The Joys (and pitfalls) of Speaking British English in America

Language is a wonderful thing ladies and gentlemen and in today’s post I am going to demonstrate why, hopefully without boring you to death in the process. Let’s start with a little known nugget of information; a British person would do the hokey cokey but an American would do the hokey pokey (which sounds a little more creepy). A New Zealander, on the other hand, would do the hokey tokey and at this point I start to wonder how a simple dance could have three different names in three different countries. Did it get lost in translation or was it someone’s clever way of avoiding being sued for copyright?
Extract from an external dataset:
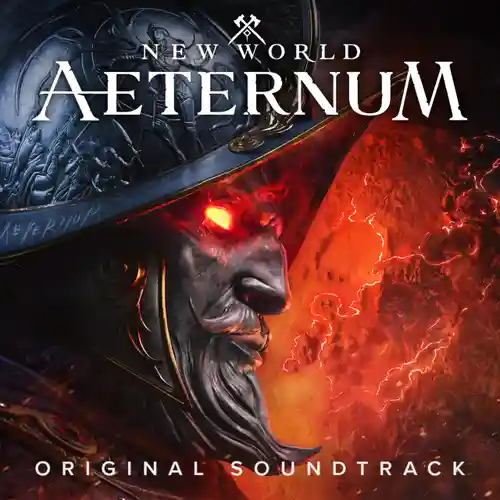 New World: Aeternum (Original Game Soundtrack) cover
I can practically guarantee that this will never come up in a pub quiz (or, as my American friends call it, trivia) so you can happily forget that piece of useless information forever. Now that I have bored you to death let’s talk about something more interesting; insults. The Inuit dialect spoken in Nunavit, Canada has 53 different words for snow and the British have at least as many words for insulting a friend. Now the British have a reputation for being polite (and I did once apologise to a tree for walking into it) so I need to save our reputation by adding that these insults are usually used affectionately. If a British friend calls you a knob then they are being nice, if a Brit who isn’t a friend calls you a knob you probably should feel insulted.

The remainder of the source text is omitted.